“Well, of course he didn’t,” agreed the voice.
At last, Phineas came in, and Ann heard them go. She was so thankful. However, the future perplexities, which lay before her, were enough to keep her awake for the rest of the night. In the morning, a new anxiety beset her. The poor thief must have some breakfast. She could easily have smuggled some dry bread up to him; but she did want him to have some of the hot Indian mush, which the family had. Ann, impulsive in this as everything, now that she had made up her mind to protect a thief, wanted to do it handsomely. She did want him to have some of that hot mush; but how could she manage it?
The family at the breakfast table discussed the matter of the horse-thief pretty thoroughly. It was a hard ordeal for poor Ann, who could not take easily to deception. She had unexpected trouble too with Nabby. Nabby had waked up the preceding night.
“I didn’t see anything,” proclaimed Nabby; “but I heerd a noise. I think there’s mice out in the grain-chist in the back chamber.”

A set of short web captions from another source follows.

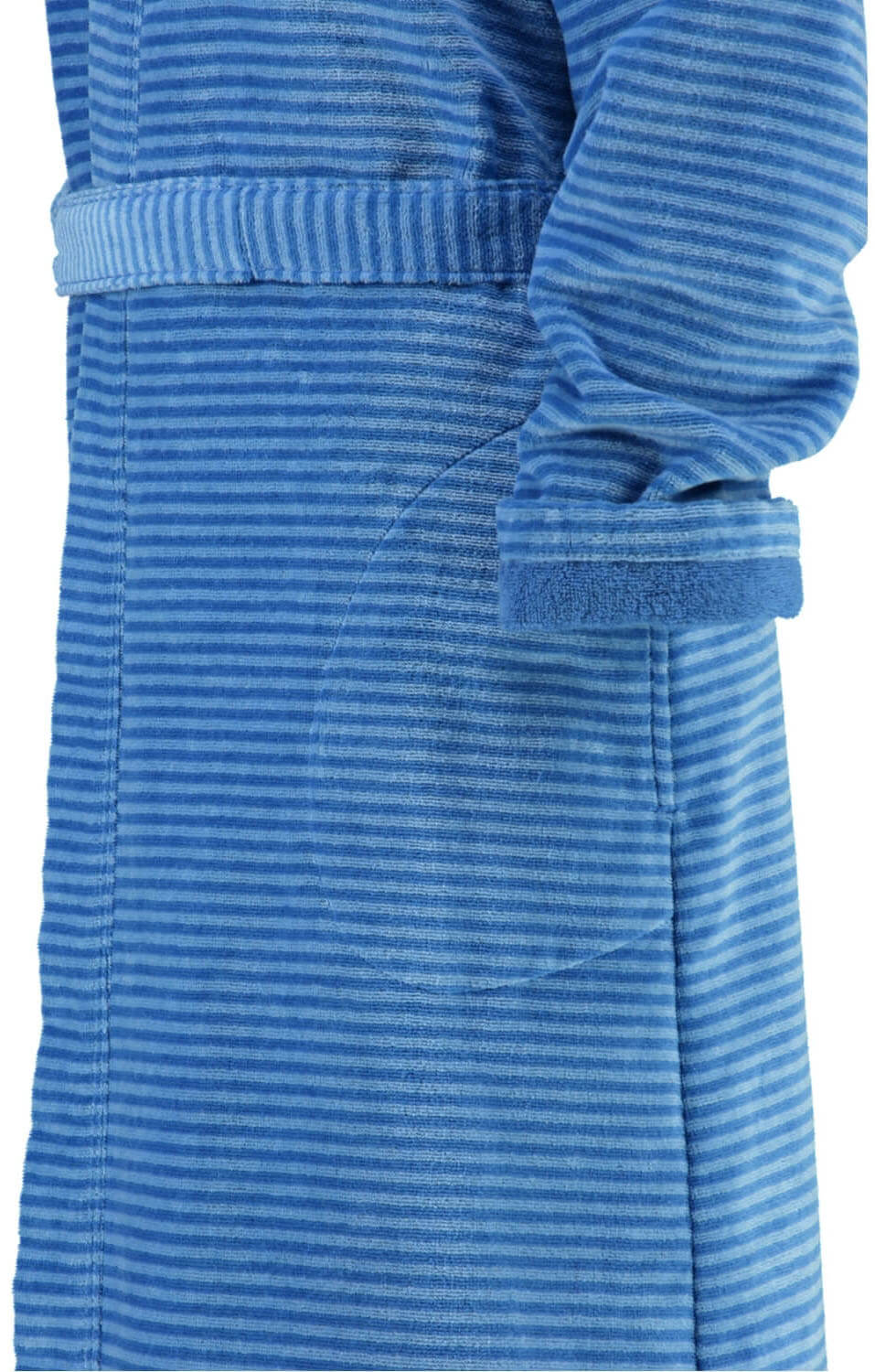 Женский банный халат Kimono Blau ☞ Размер: 44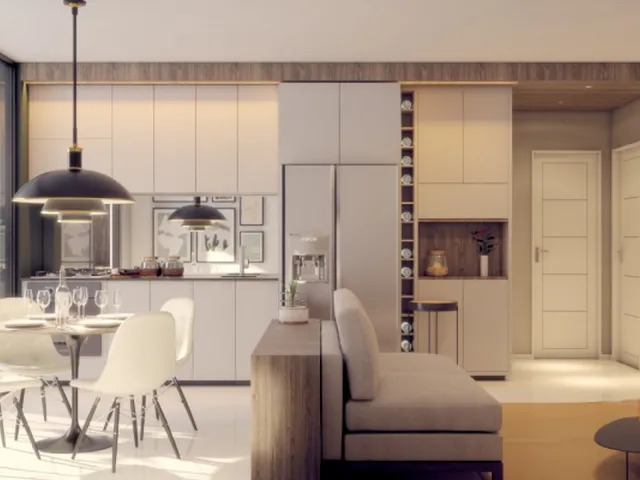 Imagem: Residencial Monte Moriah - 1 Suíte Dormitório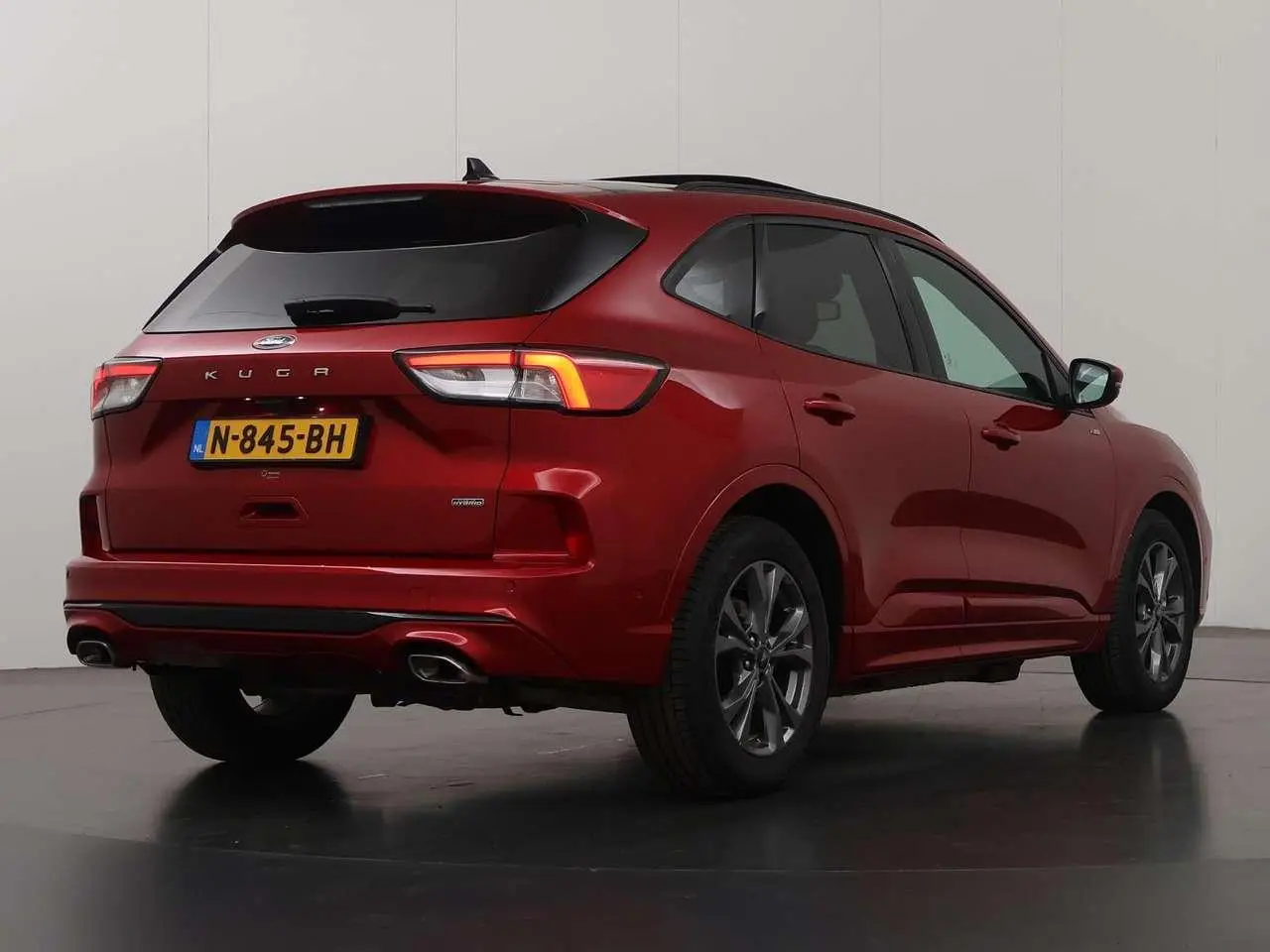 Photo 1 : Ford Kuga 2020 Hybride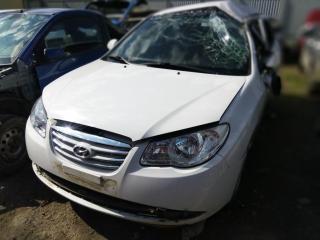 Hyundai Elantra HD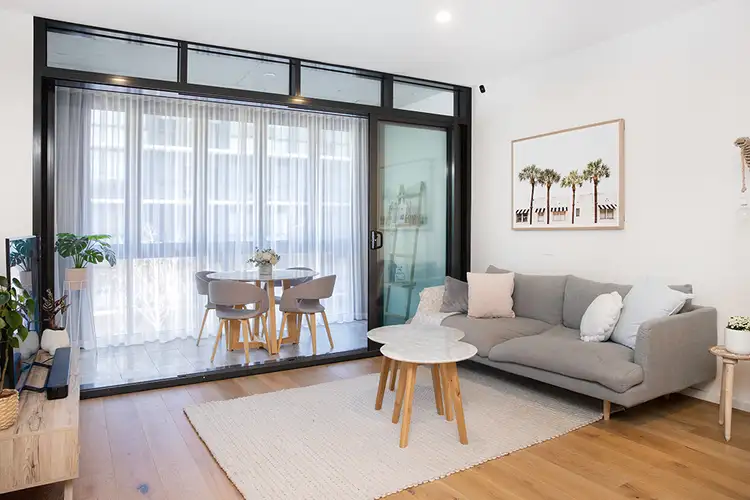 Second view of Homely unit listing, 212/12 Provan Street, Campbell ACT 2612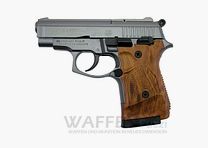 Zoraki 914 Schreckschusswaffe 9mm Titan/Holzoptikgriffschalen
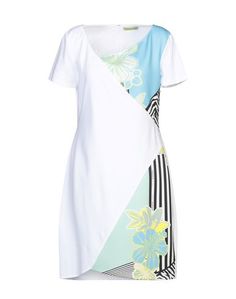 Короткое платье Versace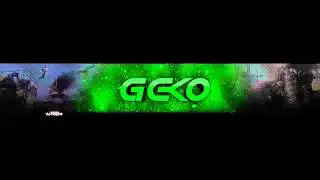 Progression #3 l Geko Banner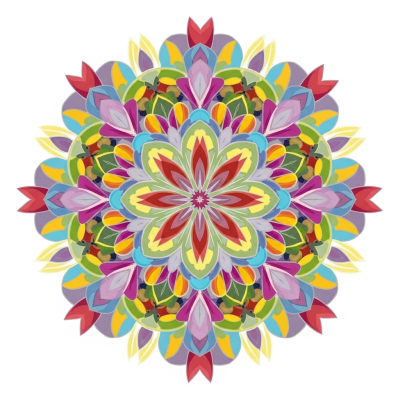 Mandala sorozat – 25-916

“I must go up there and look,” said Mrs. Polly. “They did considerable mischief, last year.”
Ann turned pale; what if she should take it into her head to look that day!
She watched her chance very narrowly for the hot mush; and after breakfast she caught a minute, when Phineas had gone to work, and Mrs. Polly was in the pantry, and Nabby down cellar. She had barely time to fill a bowl with mush, and scud.

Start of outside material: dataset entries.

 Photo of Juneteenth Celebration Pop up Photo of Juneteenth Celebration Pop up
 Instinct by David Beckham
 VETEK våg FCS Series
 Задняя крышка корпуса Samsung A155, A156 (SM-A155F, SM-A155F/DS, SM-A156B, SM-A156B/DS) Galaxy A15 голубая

How lightly she stepped over that back chamber floor, and how gingerly she opened the grain-chest lid. The thief looked piteously out at her from his bed of Indian corn. He was a handsome man, somewhere between forty and fifty. Indeed he came of a very good family in a town not so very far away. Horse-thiefs numbered some very respectable personages in their clan in those days sometimes.
They carried on a whispered conversation while he ate. It was arranged that Ann was to assist him off that night.

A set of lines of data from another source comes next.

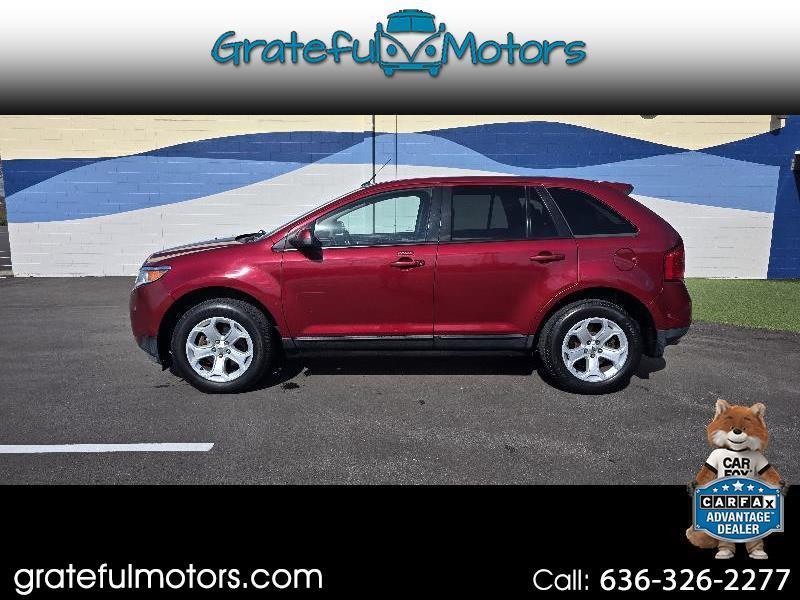 2013 Ford Edge SEL FWD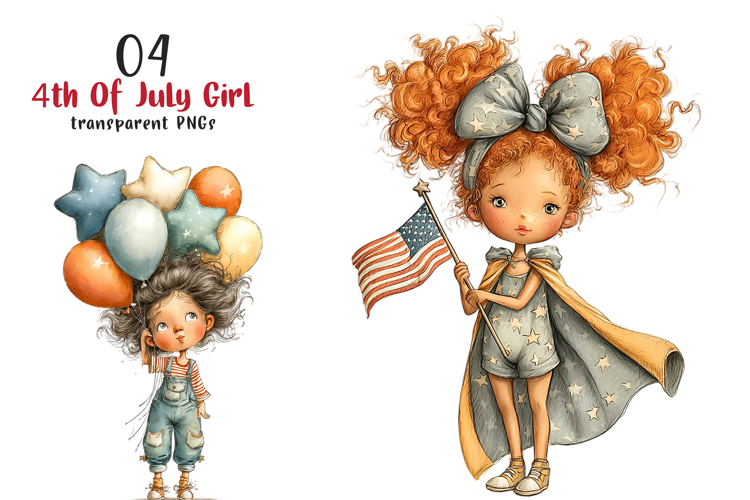 Fourth Of July Clipart Image 13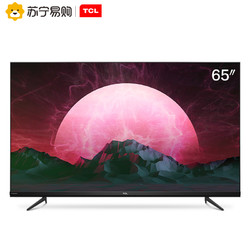 TCL 65V6 65英寸 4K 液晶电视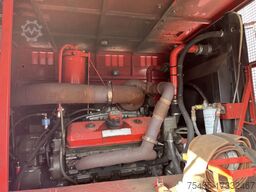 Kronenburg MAC6 4x4 Crashtender/Fire truck - 1993 - Detroi...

What a day poor Ann had, listening and watching in constant terror every moment, for fear something would betray her. Beside, her conscience troubled her sadly; she was far from being sure that she was doing right in hiding a thief from justice. But the poor man’s tears, and the mention of his daughter, had turned the scale with her; she could not give him up.
Her greatest fear was lest Mrs. Polly should take a notion to search for mice in the grain-chests. She so hoped Nabby would not broach the subject again. But there was a peculiarity about Nabby—she had an exceedingly bitter hatred of rats and mice. Still there was no danger of her investigating the grain-chests on her own account, for she was very much afraid. She would not have lifted one of those lids, with the chance of a rat or mouse being under it, for the world. If ever a mouse was seen in the kitchen Nabby took immediate refuge on the settle or the table and left some one else to do the fighting.